WATCH: $70,000 For This?!?!

To prevent crime in a tiny Miami neighborhood, the city spent about $70,000 on a security fence.

With swinging doors.

Calling the project "government waste in all its glory," advocacy blog Transit Miami created a humorous video (watch above) showing how ineffective the fence is at "protecting" the community of Belle Meade: any potential burglars can simply walk through a swinging door or walk around the edge of the fence to enter the neighborhood.

Reacting to an increase in home and car burglaries in the neighborhood two years ago, the Belle Meade community came together and drafted a design and a $15,000 financial plan for a fence to keep burglars out, the Miami Herald reports.

However, when brought before the Miami City Commission, Assistant County Attorney Jorge Martinez-Esteve pointed out that as a permanent structure, the fence must give pedestrians a way to freely move through or it would need approval at the county level, according to meeting minutes.

Hence, the swinging doors. The commission unanimously agreed to build the fence as proposed by Commissioner Marc Sarnoff, who suggested using about $70,000 from a Quality of Life/Homeland Security Bond to fund the project instead of using private donations collected by the neighborhood, Transit Miami reports.

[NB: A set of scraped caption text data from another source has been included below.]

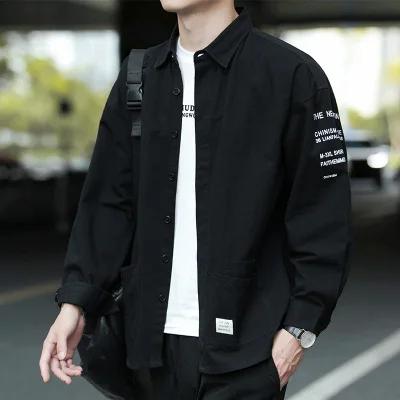 衬衫男士2020新款宽松长袖外套上衣韩版潮流休闲复古痞帅衬衣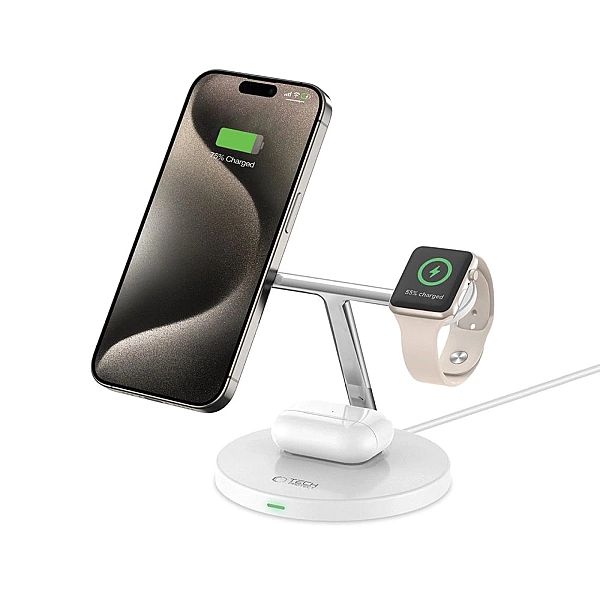 Ładowarka Tech-Protect QI15W-A35 indukcyjna 3w1 z MagSafe na telefon /
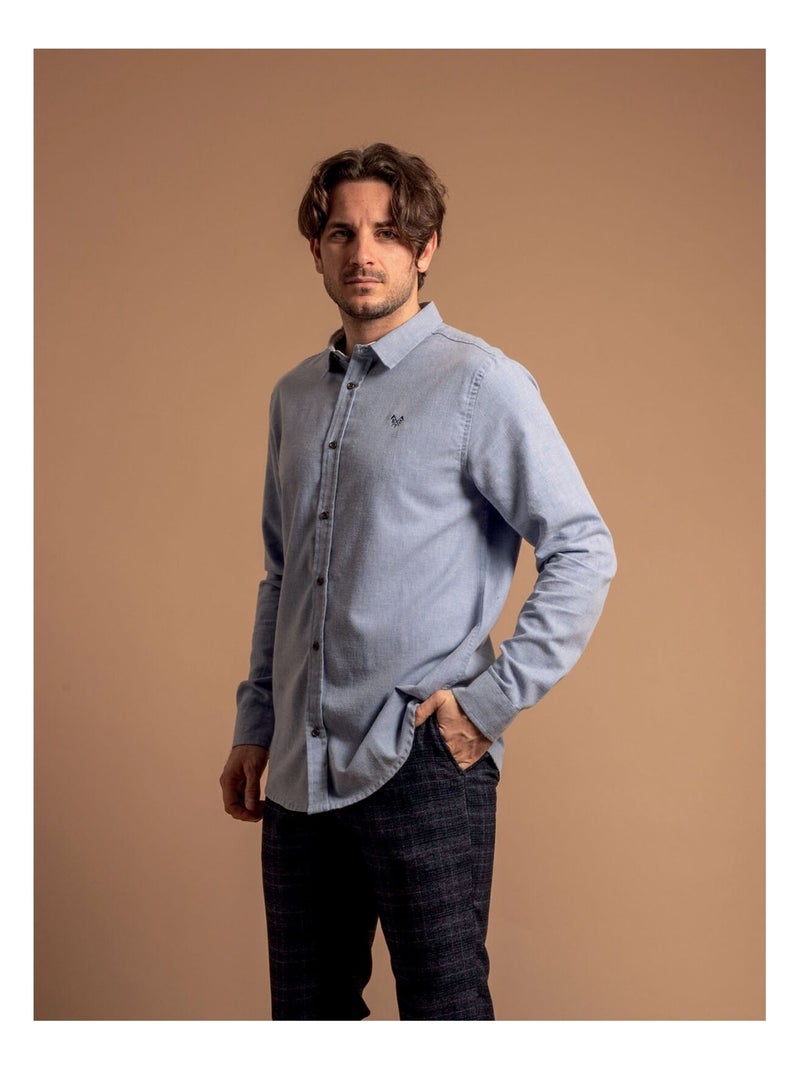 Chemise manches longues coton TINIMAL Bleu - Kiabi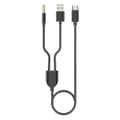 Miniatyrbillede 1 af 5: 1 Split 2 Type C til USB A 3.5mm Aux Kabel Stereo Hifi Lyd Til Bilhøjttalere -aa Black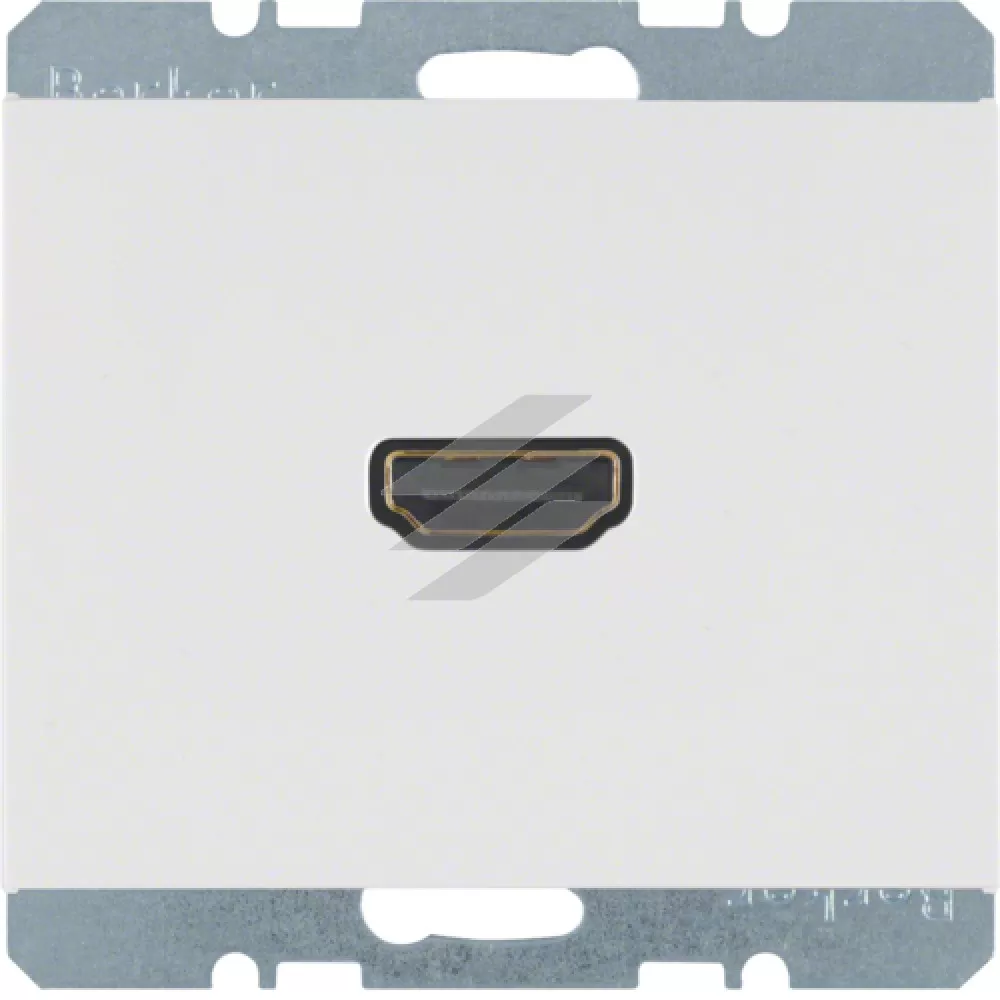 HDMI-розетка, підключення з заду під кутом 90°, полярна білизна, K.1, Hager
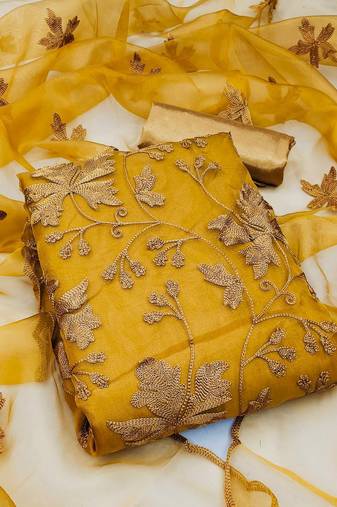 Women's organza silk embroidery unstitched dress material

"What it has done is made my beautiful neighborhood look more like a prison," Transit Miami's Felipe Azenha wrote on Miami Urbanist this summer, adding photos of gaping holes in the fence. "What a waste of money."

The fence isn't the first of Sarnoff's controversial contributions to the safety of Miami's Upper Ease Side. The commissioner was also responsible for creating a sad looking "pocket park" a few blocks northwest of Belle Meade, the construction of which made it illegal for registered sex offenders to live in the area.